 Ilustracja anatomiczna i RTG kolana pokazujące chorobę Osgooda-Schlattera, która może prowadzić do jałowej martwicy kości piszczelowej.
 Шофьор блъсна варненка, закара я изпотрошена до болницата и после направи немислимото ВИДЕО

---

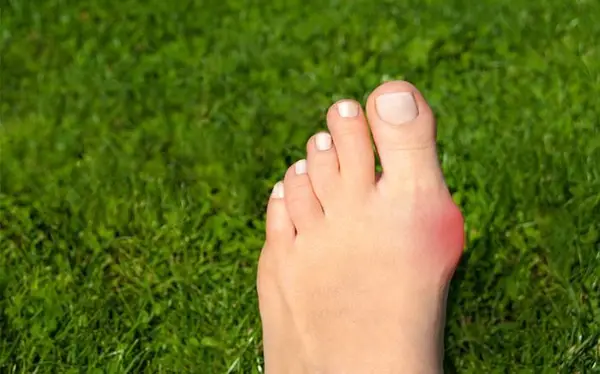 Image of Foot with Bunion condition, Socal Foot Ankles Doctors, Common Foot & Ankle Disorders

* ASSIGNMENT *
Repeat word for word the lines above that run from the line containing "Ilustracja anatomiczna i" through the line containing "Шофьор блъсна варненка, закара", both ends included, and nothing else.

* WRITTEN REPLY *
 Ilustracja anatomiczna i RTG kolana pokazujące chorobę Osgooda-Schlattera, która może prowadzić do jałowej martwicy kości piszczelowej.
 Шофьор блъсна варненка, закара я изпотрошена до болницата и после направи немислимото ВИДЕО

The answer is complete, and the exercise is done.